Calculating average of two values, minimizing errors

Question

I am doing some floating point calculations and the results are not as accurate as I want them to be.

This is the algorithm:

...
center = (max_x + min_x) / 2
distance = old_x - center
new_x = center + (distance * factor)

return new_x

min_x, max_x, and old_x are all floats. I believe that the greatest error is introduced when I'm taking the average of the max and the min, and then the error is multiplied by the factor (which can be a float).

How can I minimize the error due to FP computation so that new_x is as precise as it can be?

Answer 1

If old_x and center are close then you're losing precision.

It's called Loss of significance

You could change the calculation so the subtraction happenS in the end:

center = (max_x + min_x) / 2
new_x = (center + (old_x * factor)) - (center * factor)

Answer 2

Depending on your language, there is probably a fixed/arbitrary precision numeric type you can use such as decimal in python or BigDecimal in Java.

Answer 3

All the previous implementations do not use rounding and thus have a large error: Here's how to do this in fixed point math: I'm using X.1u prevision (1 LSB is used for fraction part).

//center = (max_x + min_x) / 2
center = max_x + min_x // zero error here

// distance = old_x - center
distance = (old_x << 1) - center // zero error here

//new_x = center + (distance * factor)
new_x = (**1** + center + (distance * factor)) >> 1

return new_x

If factor is a fixed point (integer) too with N bits describing the fraction then new_x can be calculated as:

new_x = ( (1 << N) + (center << N) + (distance * factor) ) >> (N + 1)

• (center << N) has N+1 fraction bits
• distance * factor has N+1 fraction bits
• (1 << N) is a 'half' as 1 << (N+1) is 'one' in the above fixed point precision.

After understanding each part, the above line can be compacted:

new_x = ( ((1 + center) << N) + (distance * factor) ) >> (N + 1)

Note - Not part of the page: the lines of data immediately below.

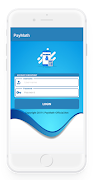 PayMath - Online Program screenshot 1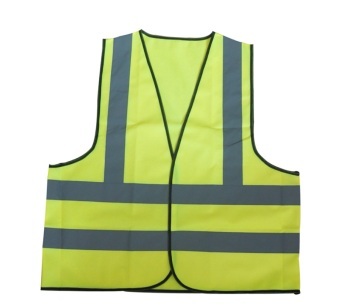 安保防衛(wèi)用品批發(fā)價(jià)格解析 為什么義烏安保市場(chǎng)是您的優(yōu)選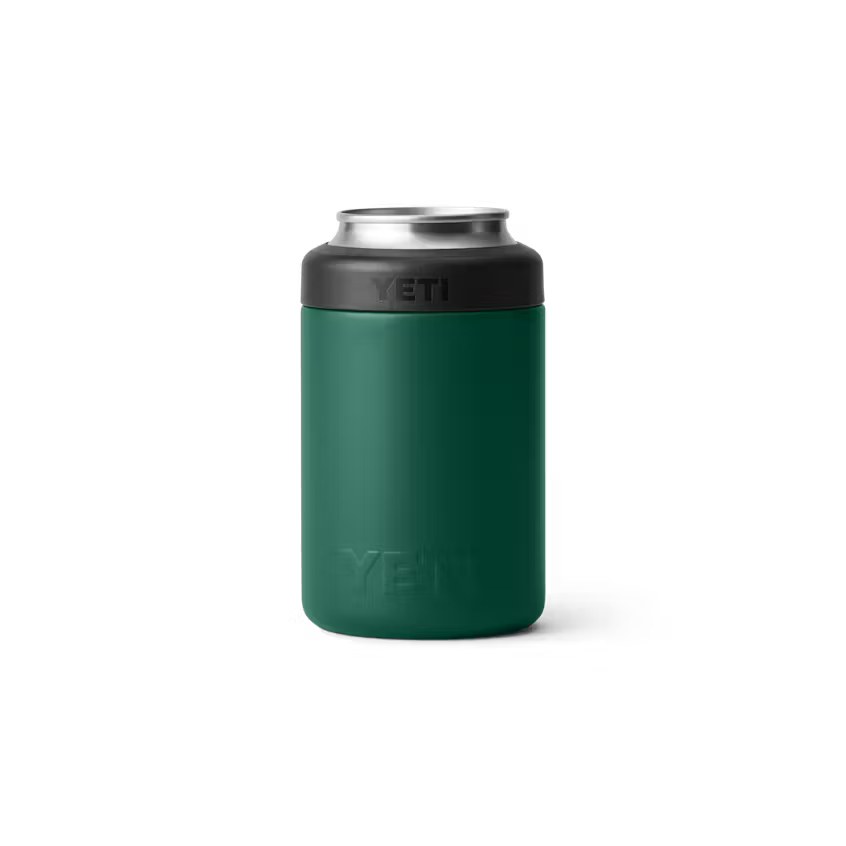 YETI - Rambler Colster Can Insulator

The used integer type should be large enough, off course. If the valid range is unknown, one should check the input to this function and something else. In most cases this isn't needed.

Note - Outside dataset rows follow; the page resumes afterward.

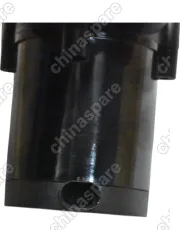 Насос циркуляционный Webasto Volvo XC60 ( LR003196 )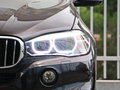 宝马X5(进口) xDrive28i2017款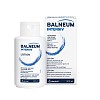 BALNEUM Intensiv Lotion bei sehr trockener Haut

This is as good as it get in fixed point math. This is how HW circuits perform integer math operations.

Answer 4

This eliminates at least one source of error from your original algorithm:

# Adding min and max can produce a value of larger magnitude, losing some low-order bits
center = min_x + (max_x - min_x)/2
distance = old_x - center
new_x = center + (distance * factor)

return new_x

If you have more knowledge of the relationship between old_x, min_x andmax_x, you can probably do better than this.

Answer 5

As Yochai says, your problem is probably caused by the subtraction old_x - center. If old_x and center are close to each other then you lose precision.

The simple solution would be do to the computation using double instead of float, but I guess that's not possible. In that case, you need to get rid of the subtraction. One possibility is

distance_max = max_x - center
distance_min = min_x - center
distance = (distance_max + distance_min) / 2
new_x = center + factor * distance

This helps if max_x, min_x and center are quite far apart while the average of max_x and min_x is close to center. If that does not help, perhaps you can adapt the computation of max_x so that you actually compute max_x - center but that needs changes in the part you did not show us.